Moshekwa Langa at the Krannert Art Museum
by Ashley E. Sheriff
Photo Courtesy Krannert Museum
Contemporary artist Moshekwa Langa’s installation Counterpoints: Mogalakwena is on display at the Krannert Art Museum until July 28, 2013. Brightly colored abstract paintings and collages line the walls of the gallery space, but the floor takes center stage as a brilliantly arranged cityscape populated with odds-and-ends of scratched vinyl albums, tattered books, naked dolls, unshaded lamps and leagues of impossibly tangled yarn that connect a myriad of secondhand landmarks. Langa explains that it reflects on a landscape “that has been scorched or burned with the possibility of renewal.” This work represents the end of an epoch in Langa’s life, closing his time in South Africa. Langa was born in Bakenburg, South Africa in 1975, left in 1993 for a residency in Berlin and currently lives in Amsterdam.
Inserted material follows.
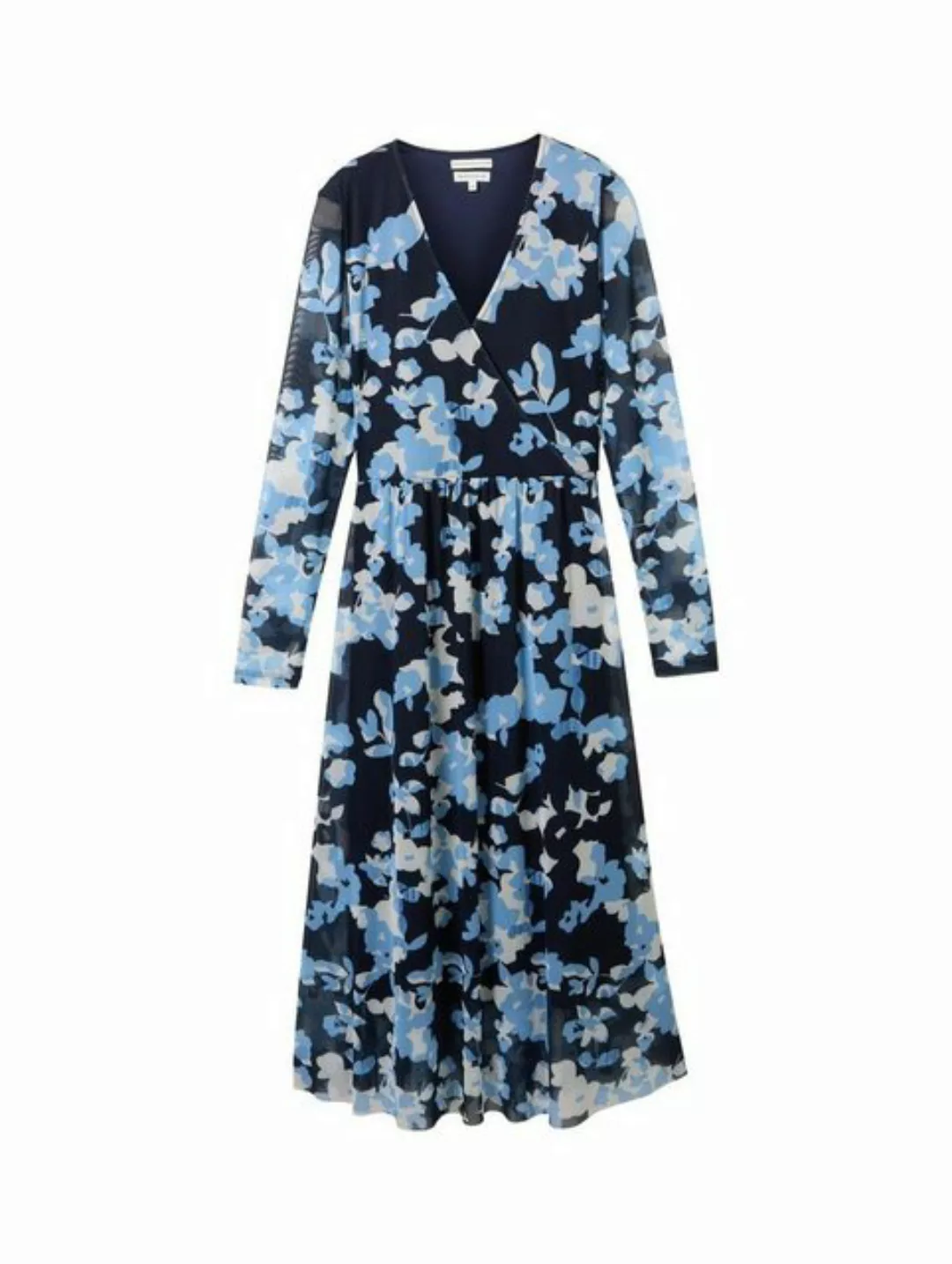 TOM TAILOR Sommerkleid wrapped mesh dress printed, blue cut floral design günstig online kaufen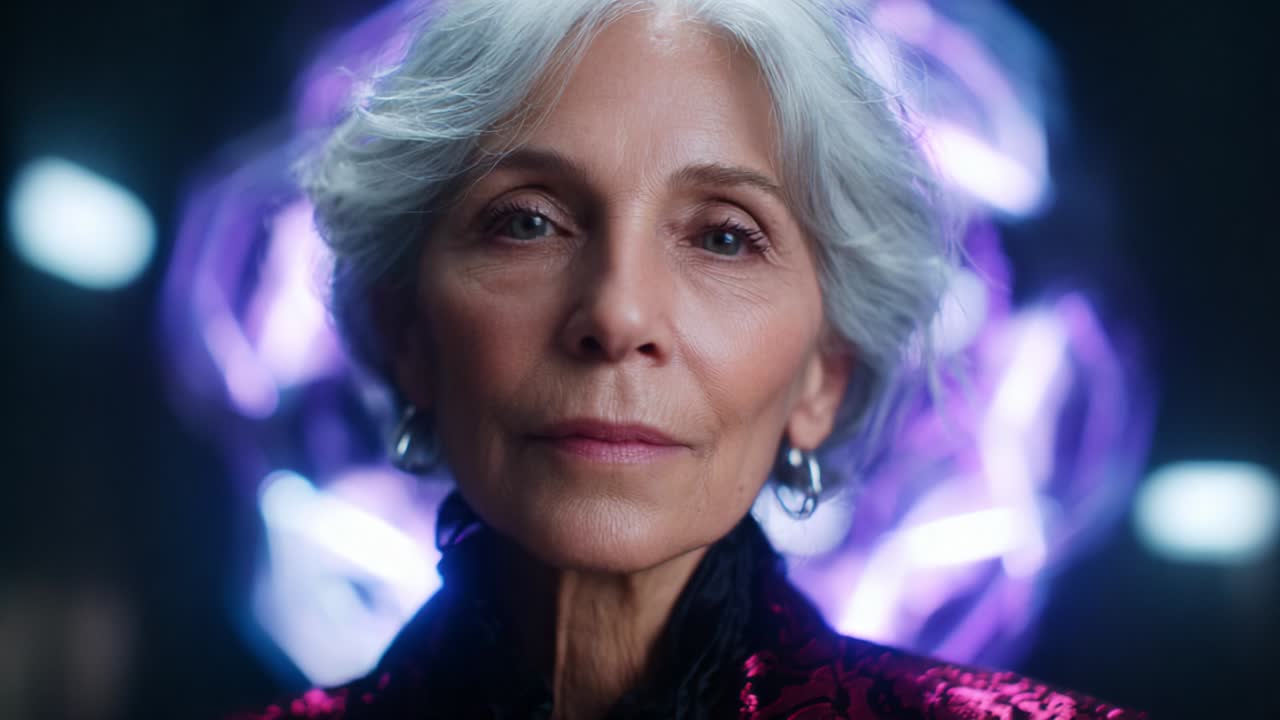 A woman with silver hair and an elegant black outfit stands poised against a vibrant, glowing background, exuding confidence and wisdom, capturing attention with her serene expression and timeless grace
Although Langa says his art does not address political issues as such, the installation’s disorienting setting, much like the South African political and social landscape “is not free of interferences – of hurdles.”
Photo Courtesy Krannert Art Museum
This motley collection of objects was the result of nearly a week of shopping, collecting and installing by Langa and Dr. Allyson Purpura, who curated the exhibit. Aside from Langa’s own paintings and intricate collages, Purpura and Langa collected all the objects used in the installation locally from Champaign-Urbana based libraries and shops, including the University of Illinois and Urbana Free libraries, flea markets, Goodwill, Habitat for Humanity, and the I.D.E.A. Langa was installing up to the day before the opening on January 25, 2013.
Much of Langa’s work is somewhat autobiographical; he reconstructs and reinterprets his most intimate experiences through art. Although many installations are colorful, playful and whimsical, they are oftentimes weighted with personal history and uncomfortable narratives. Many of his pieces are stylized fragments of his memories, but numerous others are just the unusual results of making art out of serendipitous discoveries. Langa brilliantly incorporates incidental and unintentional constructions in his artwork and experiments with the distinctive colors that ordinary liquids and household items such as coffee, tea and red wine produce when applied to differently textured surfaces. According to Purpura, he is also interested in things that draw visitors into the landscapes he creates; audiences re-interpret his installation, internalize it, and inhabit it. His art creates a definite sense of emplacement as well as displacement.
Photo Courtesy Krannert Art Museum
Story-boards, landscapes, and detailed collages of maps and place-names characterize much of Langa’s artworks. Perhaps he still clings to a very personal, poignant experience in his elementary school geography class in which his instructor asked the class to create an atlas of where they lived. At that time in Apartheid South Africa, Bakenberg was a semi-independent homeland with no nationally recognized landmarks – and in fact, was not on the South African atlases used in his school. “I felt like a country bumpkin” Langa said, “and the other students did not shy away from reminding me.” His contemporaries chided him by telling him that his home did not exist – simply because it was not in official South African records. Langa soothed his feelings by piecing together fragments of fairytales and wrote them into his own atlas. “I tried to write the story of Moshekwa,” Langa said during his lecture on February 21st at Artist’s Talk, sponsored by the Krannert Art Museum. Langa describes his current work as rough and expressionistic, but perhaps his art is motivated by a deeper theme, an “insistence on his own presence,” Purpura said.